It has been a pothole day. My definition of a pothole day is a day that feels very similar to hitting a huge pothole. That feeling of driving along not worried about what lies ahead and just when your attention is focused on something else for a brief moment, WHAM, KERCHUNK, a pothole. It throws you off, it messes with the alignment on your car... See where I'm going?
I have really been doing ok lately, feeling strong, praying a lot and focusing on all our blessings, (having said that makes me feel guilty about how I'm feeling, did that make sense?) anyway, I've been motoring along ok. Today has just been hard. I've been so emotional about everything, wondering why it has to be so difficult everyday. With our finances the way they are everything becomes a major decision. There isn't freedom when there isn't money. One of the things that has been particularly hard on me is the fact that I've lost friends.(I know it's said that your true friends will be there no matter what, but they were good friends to me) and I probably haven't lost then in the truer sense of that word but it's difficult when it takes money just to leave your house. People like getting together for coffee or lunch, sometimes a movie or a girl's night. I can't participate in any of these things and if I do the other person ends up paying for me and that just really gets old. I feel pathetic when this happens because I know I can't reciprocate the favor. I am thankful for friends that will take care of me like that but I can just imagine that they're sitting there thinking to themselves "I'm not asking her to do anything again, I'll probably have to pay her way." Don't get me wrong, I won't even go out unless I have a little money to at least pay my way, but much of the time I won't have to pay because they know my money situation and offer. This is a lovely gesture that again, I'm grateful for but I just wish I had money to spend once in a while so I can pay their way for a change.
I really miss my friends.
Christamstime is just a ridiculous time for us. I try and tell myself that Christmas isn't really about all the presents, la la la, etc... But let's be honest, having presents under that tree from Santa is a pretty big deal to a 9 and 4 yr old. They don't realize that Santa's budget has become infinitely smaller than ever. I tried telling my 4 yr old that Santa gets presents for so many girls and boys that he can't get everything he wants. He says, "Yeah he can, he makes the toys"

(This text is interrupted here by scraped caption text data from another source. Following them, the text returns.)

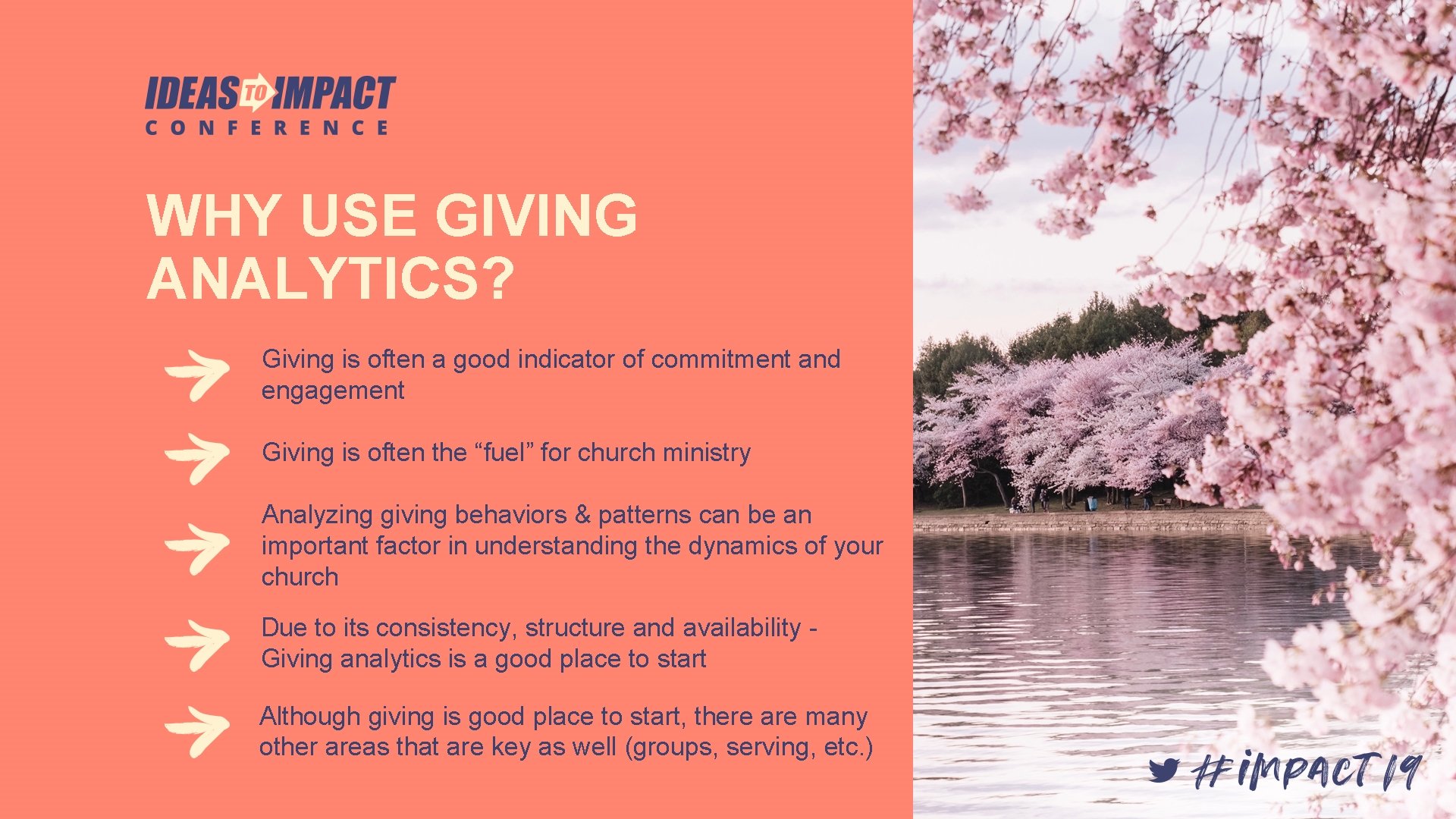 WHY USE GIVING ANALYTICS? Giving is often a good indicator of commitment and engagement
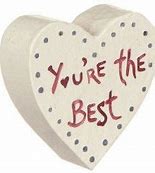 Image result for You're the Best Heart
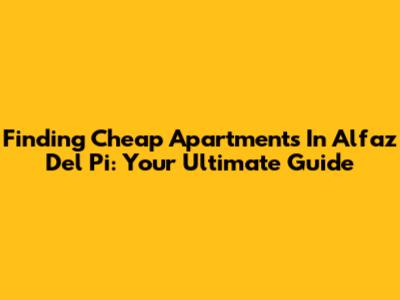 Finding Cheap Apartments In Alfaz Del Pi: Your Ultimate Guide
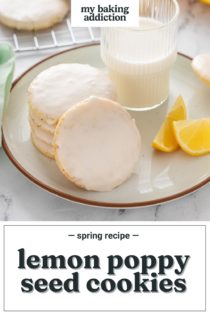 Stack of lemon poppy seed cookies with another cookie leaning against it in front of a glass of milk. Text overlay includes recipe name.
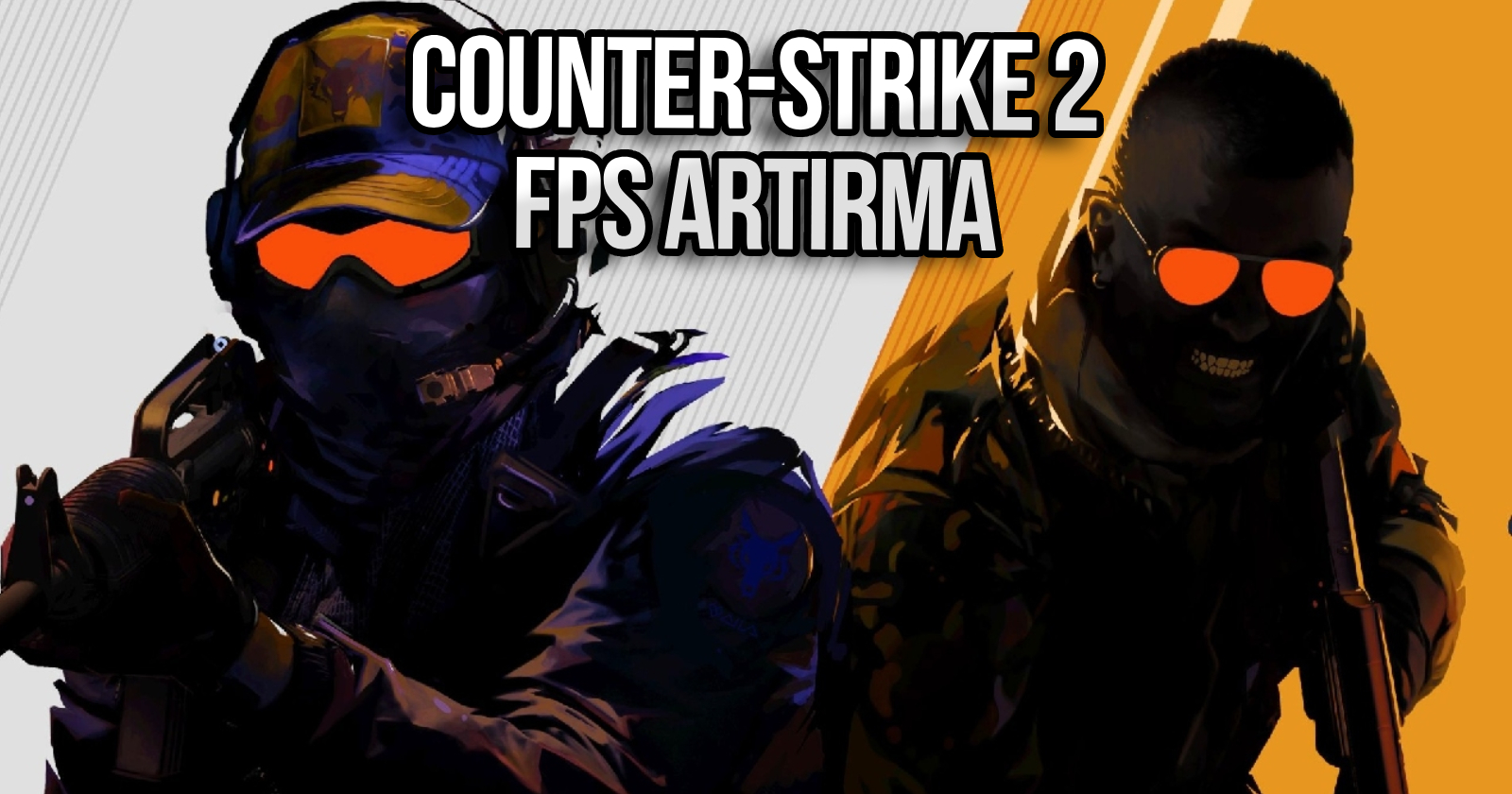 counter-strike-2-cs2-fps-artirma-ayarlari-KAPAK.jpg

Who came up with that lovely portion of the story? Why can't they rewrite it so that Santa has to shop at Wal-mart with all the people and sometimes they run out of toys. - Yes, I like that better.
Needless to say, I'm still grateful for everything we have. We are very blessed. It has just been a pothole kind of day. I lost my focus and now my alignment is off, time to take myself to the repair shop, the one that's owned and operated by Jesus.